DATA FOR THE TASK ▸
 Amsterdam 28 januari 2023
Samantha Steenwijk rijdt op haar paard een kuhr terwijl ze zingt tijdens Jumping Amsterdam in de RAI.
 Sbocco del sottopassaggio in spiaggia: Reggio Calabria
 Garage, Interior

---

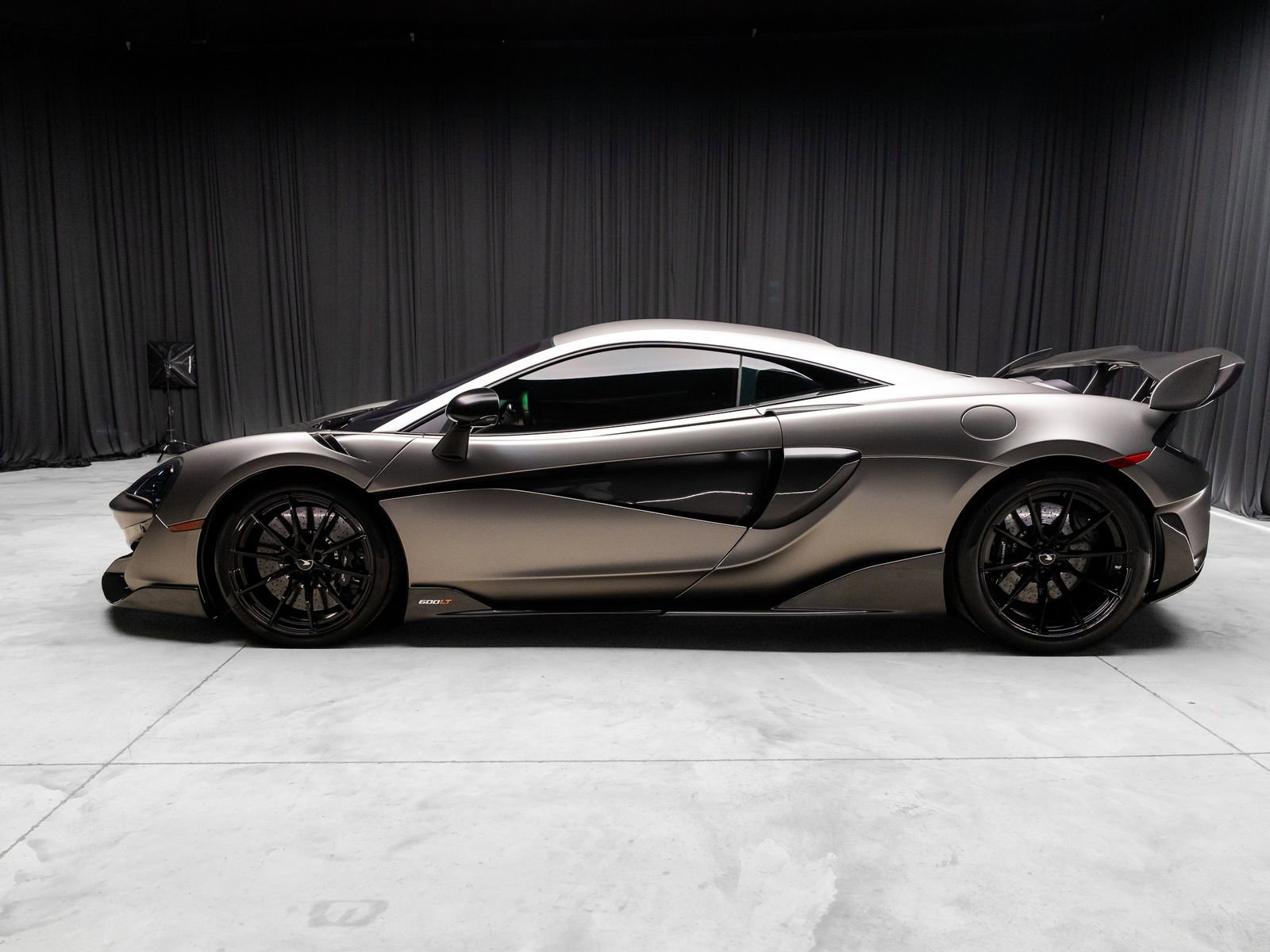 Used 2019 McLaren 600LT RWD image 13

--

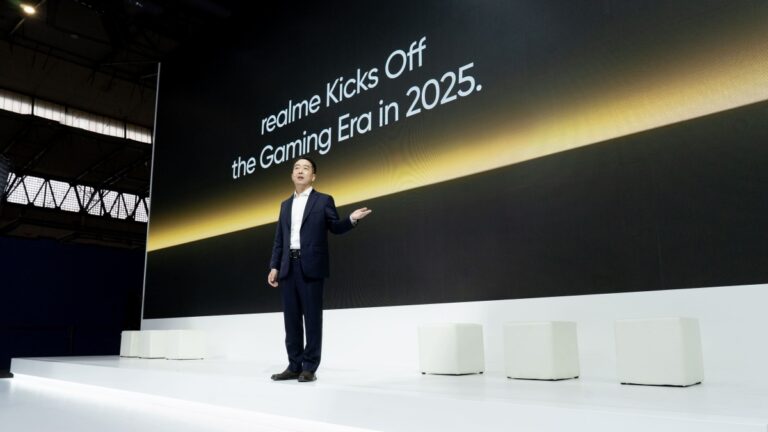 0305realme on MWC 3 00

TASK INSTRUCTIONS ▸ Only one part of the material above is to be transcribed, namely the lines starting with the line that has "Amsterdam 28 januari 2023" and going on through the line that has "Garage, Interior", exactly as they stand.

ANSWER FOR THIS EXERCISE ▸
 Amsterdam 28 januari 2023
Samantha Steenwijk rijdt op haar paard een kuhr terwijl ze zingt tijdens Jumping Amsterdam in de RAI.
 Sbocco del sottopassaggio in spiaggia: Reggio Calabria
 Garage, Interior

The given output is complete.